Return only the lines running from the one that contains "Mellow Walk Maddy" through the end of the entries, exactly, both ends included. Omit pictures.

___ Information provided

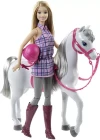 Barbie ve Atı Oyun Seti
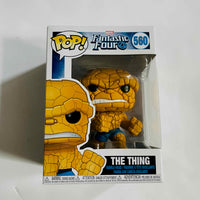 Funko Pop! Marvel Fantastic Four #560 The Thing & Protector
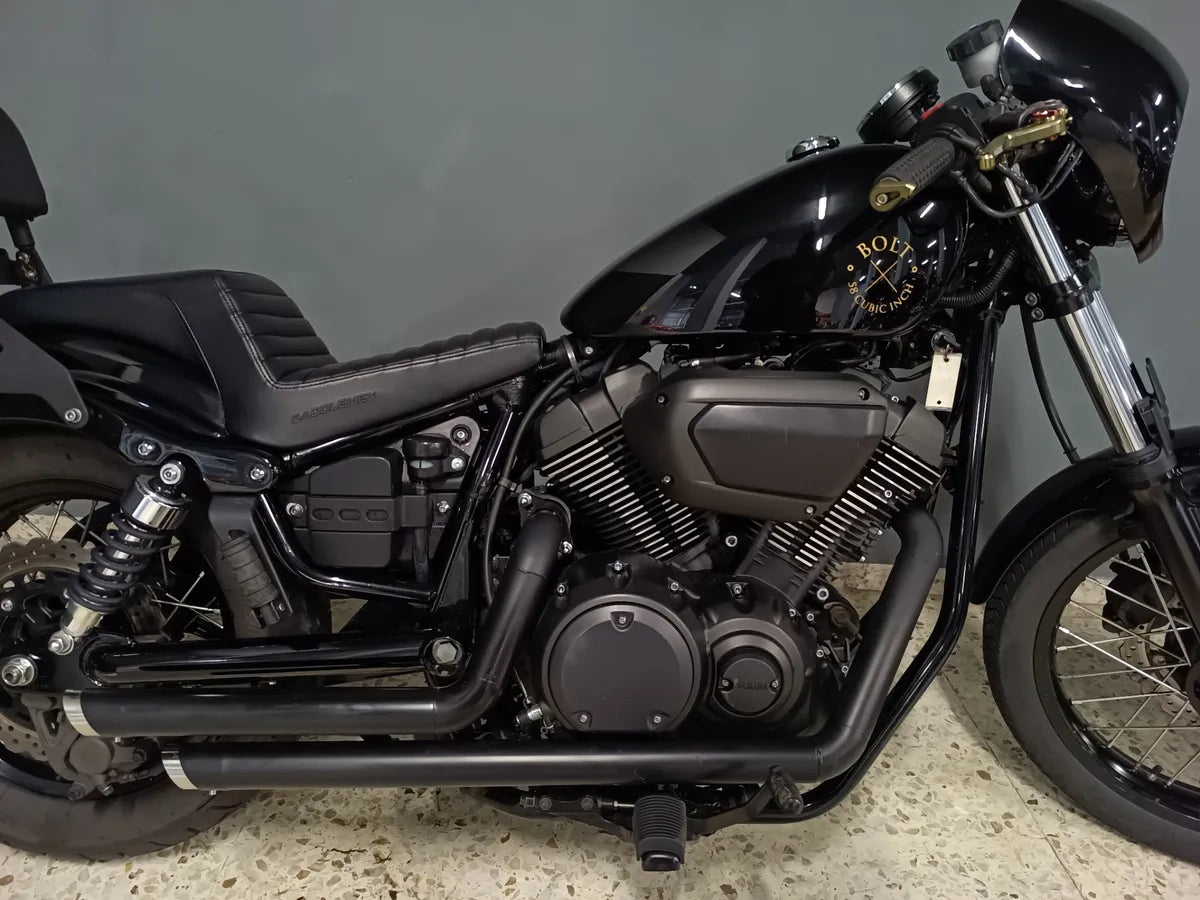 Yamaha Bolt R-Spec 950 – 2018 (Custom Moderna)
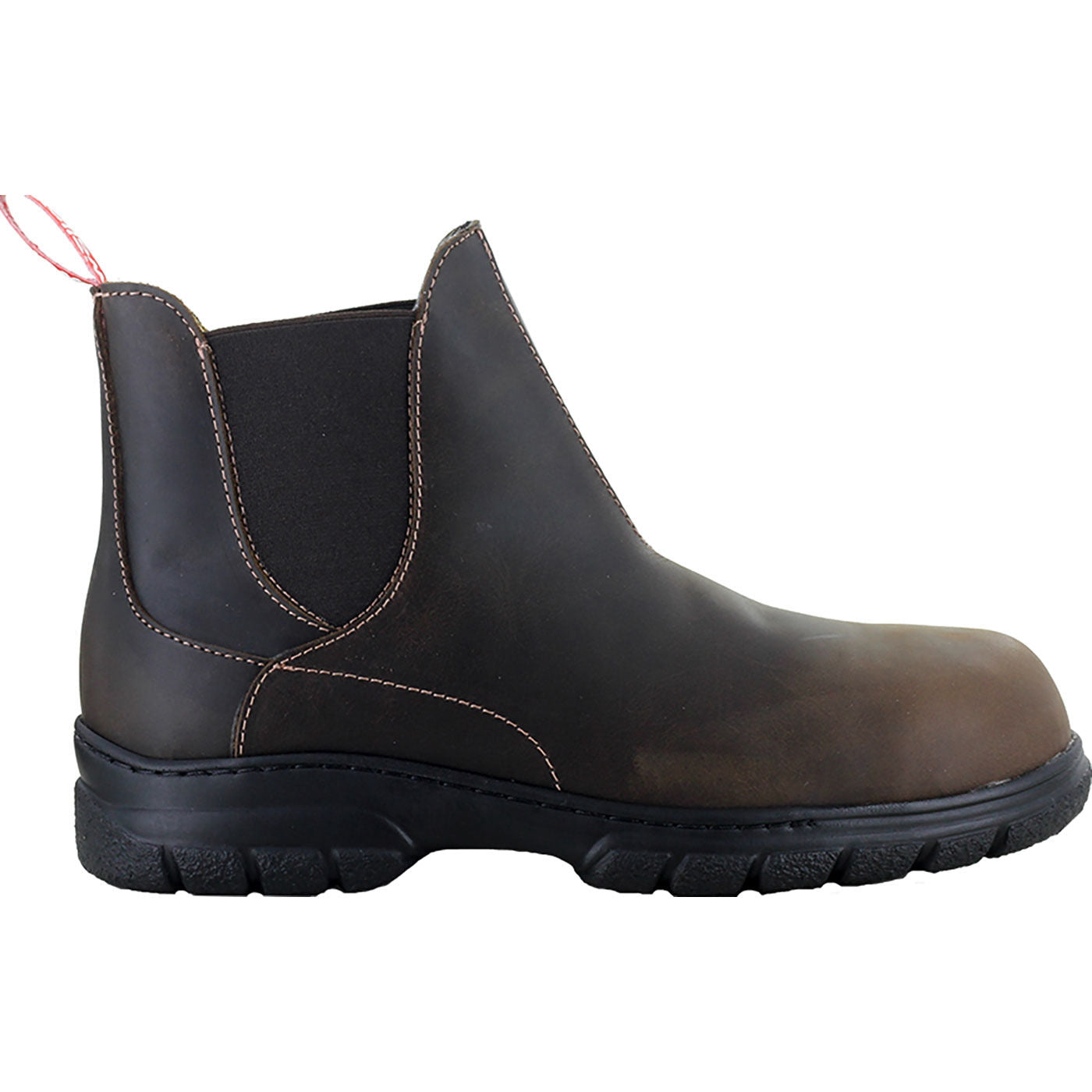 Mellow Walk Maddy Women's 6 inch Composite Toe Puncture-Resisting Romeo Work Boot - profile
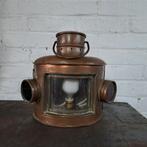 Mooie scheepslamp, Ophalen of Verzenden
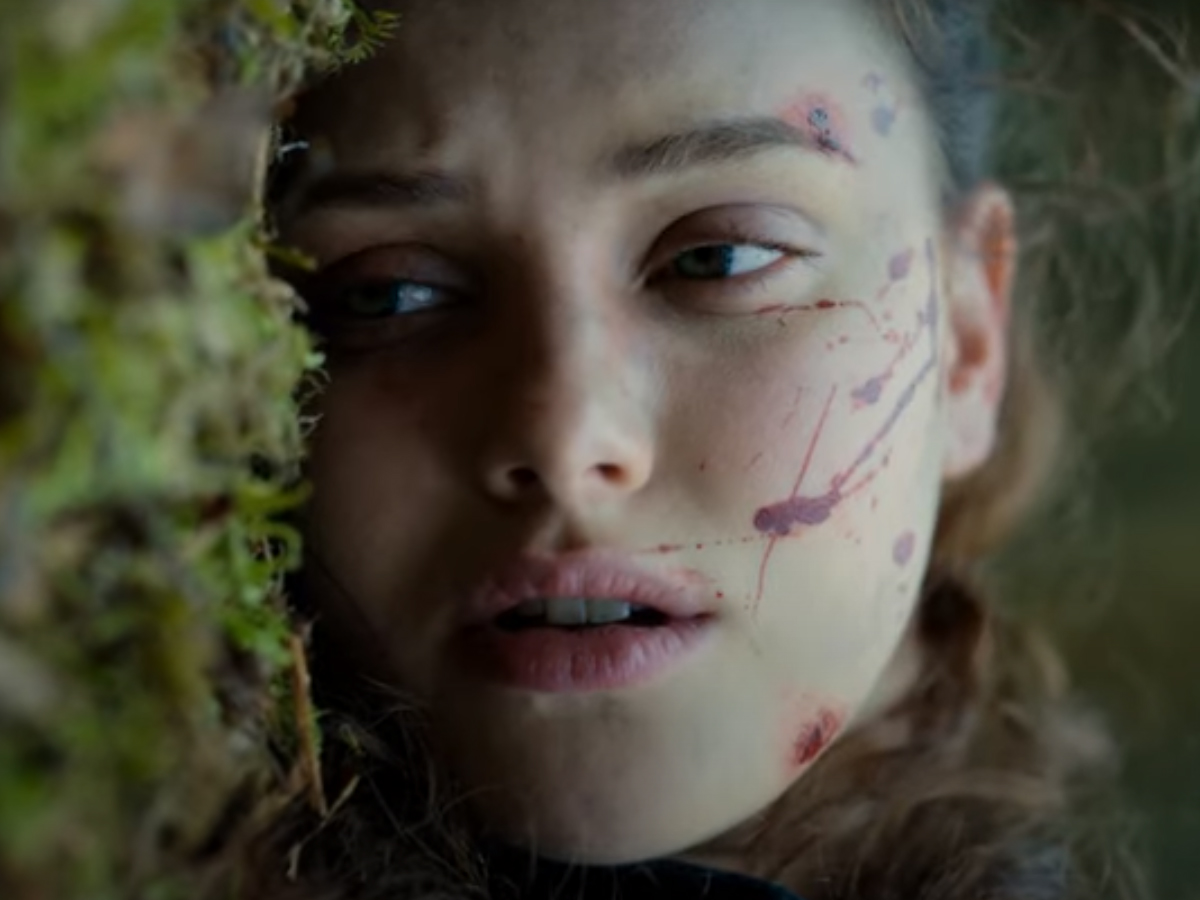 Imagem de: Netflix lança novo trailer de Cursed — A Lenda do Lago com Katherine Langford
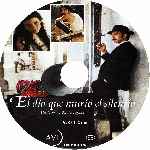 carátula cd de El Dia Que Murio El Silencio - Custom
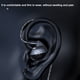 thumbnail image 5 of Auriculares Con Cable Auriculares Auriculares Intrauditivos Auriculares Estéreo Race Sport Auriculares Sport Kearding EL013471-02, 5 of 5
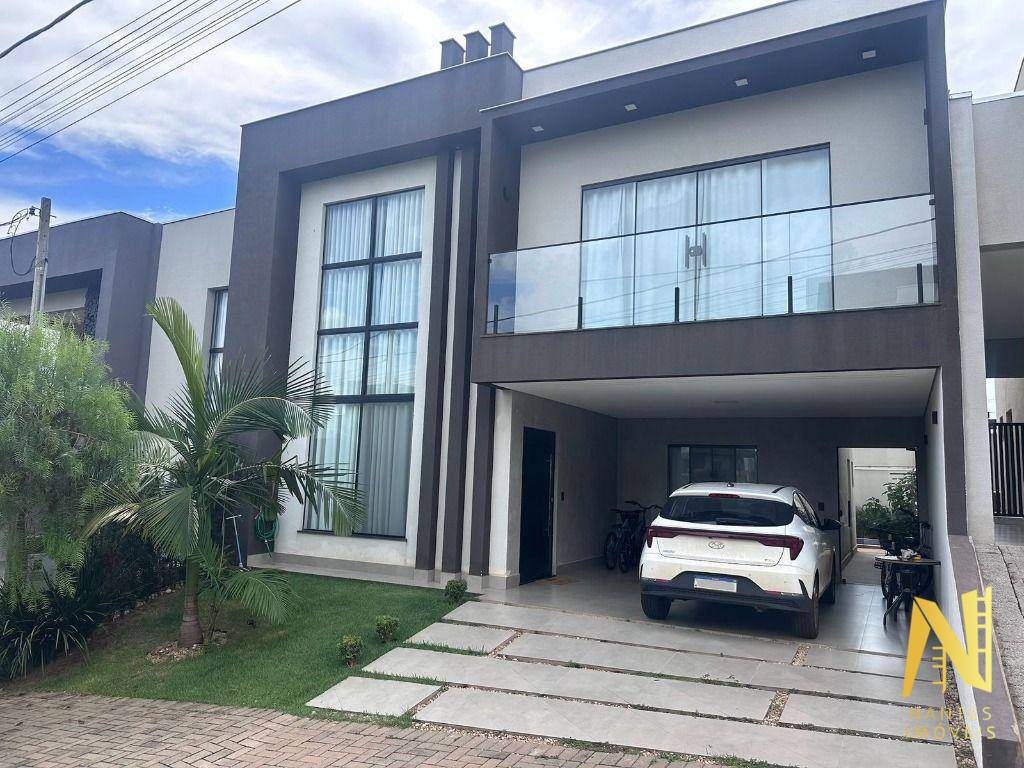 Casa de Condomínio, 3 quartos - Foto 1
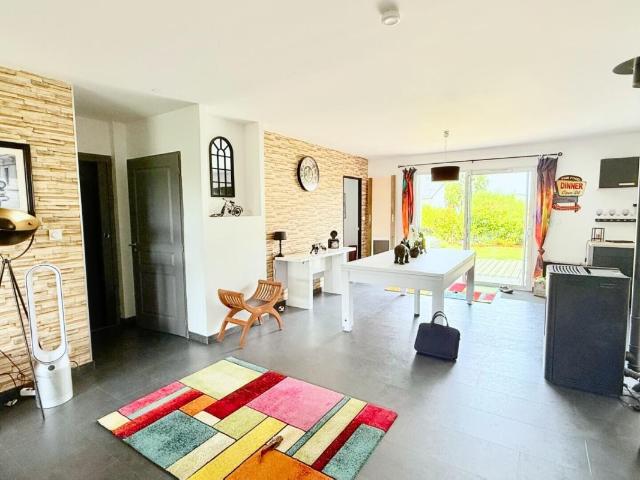 A VENDRE MAISON 5 PIECES 44150 ANCENIS SAINT GEREON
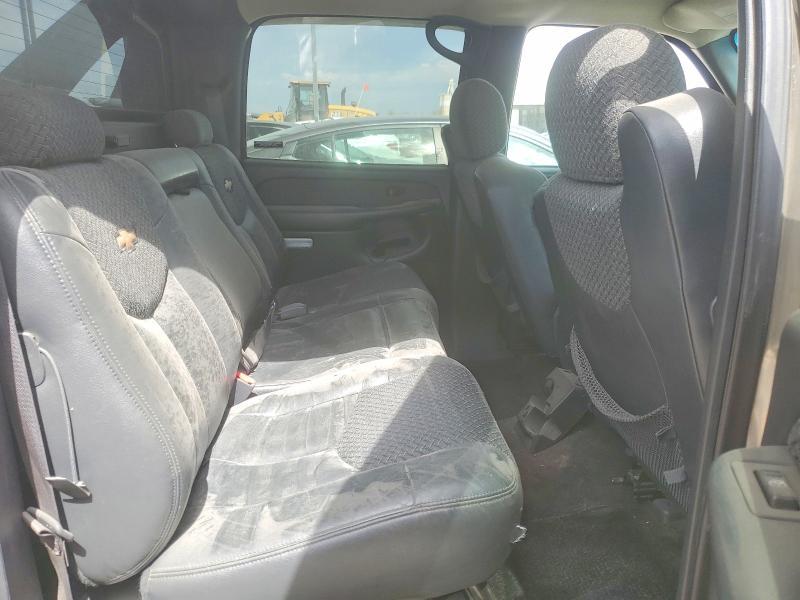 2002 Chevrolet Avalanche C1500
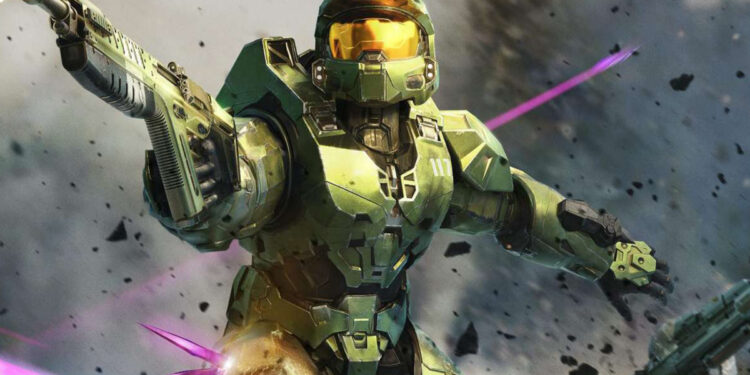 Halo Infinite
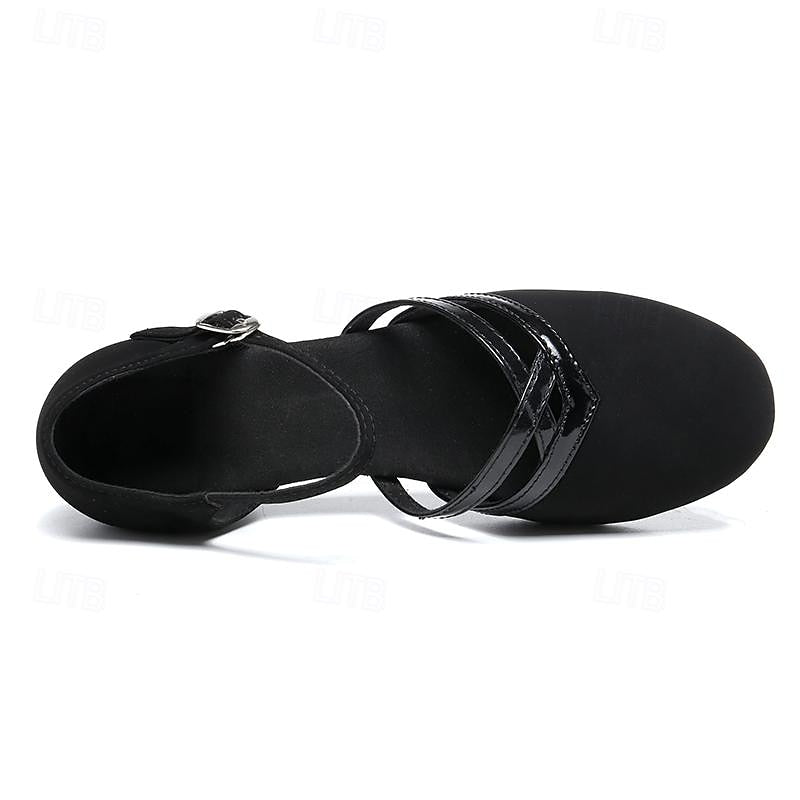 Johanna – Women Elegant Strap Shoes - Image 2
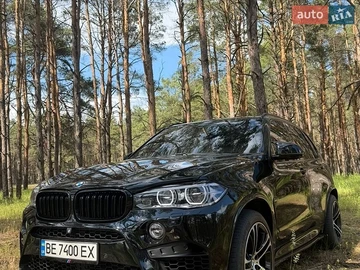 Авто BMW X5 2014 № 8844714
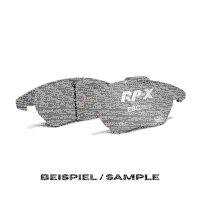 EBC Bremsbeläge Set RP-X hinten - Audi/ Chrysler/...
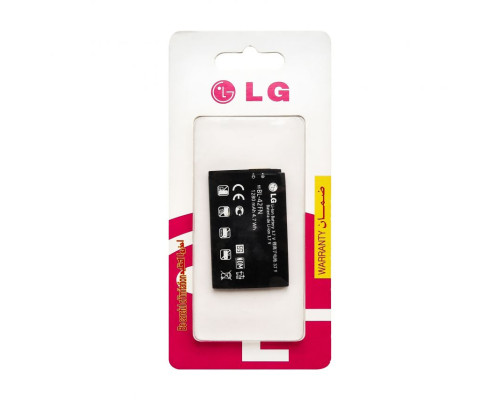 Акумулятор для LG BL42FN P350 Optimus Me High Copy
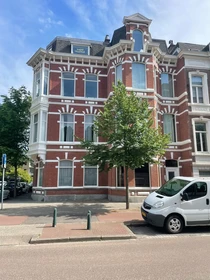 Alojamiento situado en el centro de La Haya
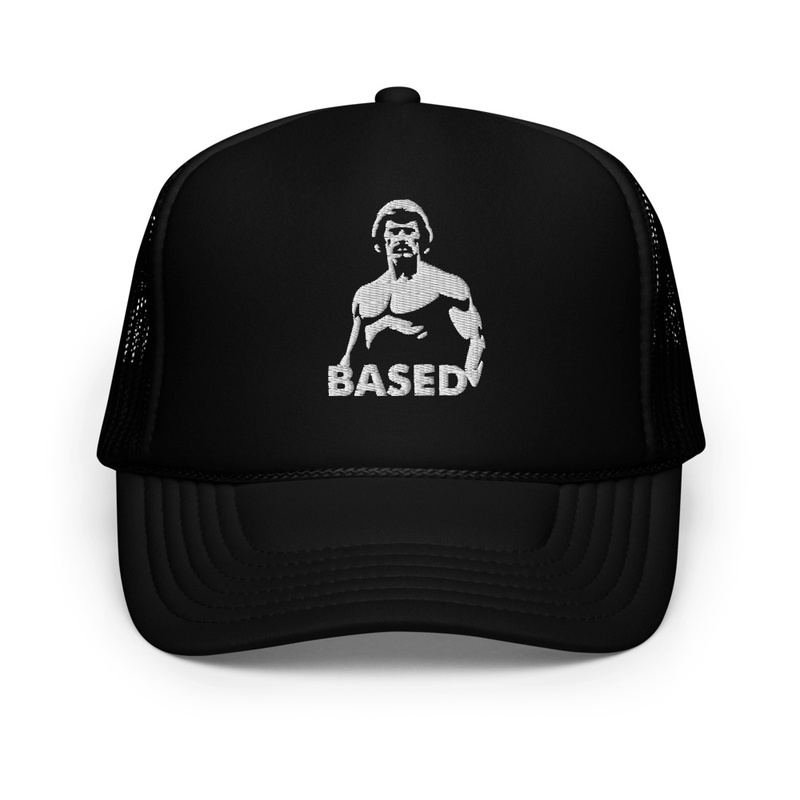 Based Man Hat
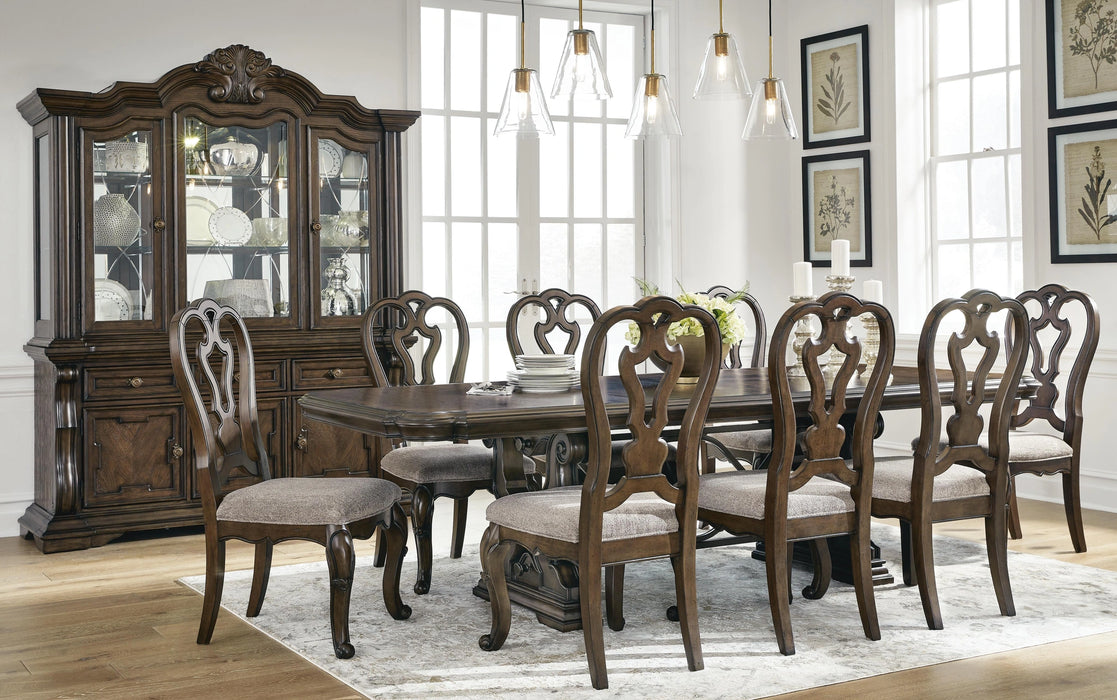 Maylee Dining Room Set - In Home Furniture (San Antonio, TX)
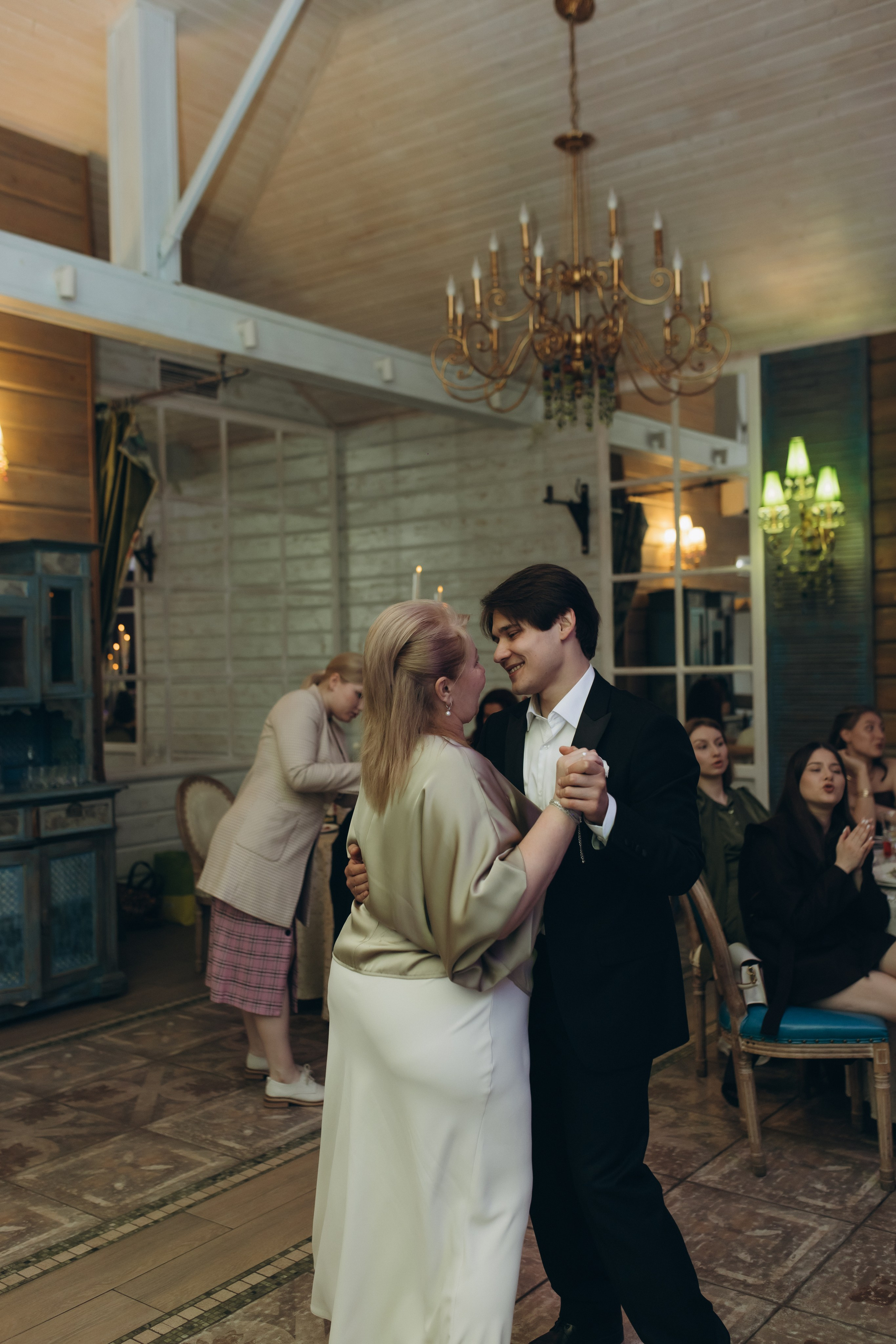 Эдуард и Елизавета. Семейный фотограф в Обнинске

______

▸ **Answer to the exercise**
 Mellow Walk Maddy Women's 6 inch Composite Toe Puncture-Resisting Romeo Work Boot - profile
 Mooie scheepslamp, Ophalen of Verzenden
 Imagem de: Netflix lança novo trailer de Cursed — A Lenda do Lago com Katherine Langford
 carátula cd de El Dia Que Murio El Silencio - Custom
 thumbnail image 5 of Auriculares Con Cable Auriculares Auriculares Intrauditivos Auriculares Estéreo Race Sport Auriculares Sport Kearding EL013471-02, 5 of 5
 Casa de Condomínio, 3 quartos - Foto 1
 A VENDRE MAISON 5 PIECES 44150 ANCENIS SAINT GEREON
 2002 Chevrolet Avalanche C1500
 Halo Infinite
 Johanna – Women Elegant Strap Shoes - Image 2
 Авто BMW X5 2014 № 8844714
 EBC Bremsbeläge Set RP-X hinten - Audi/ Chrysler/...
 Акумулятор для LG BL42FN P350 Optimus Me High Copy
 Alojamiento situado en el centro de La Haya
 Based Man Hat
 Maylee Dining Room Set - In Home Furniture (San Antonio, TX)
 Эдуард и Елизавета. Семейный фотограф в Обнинске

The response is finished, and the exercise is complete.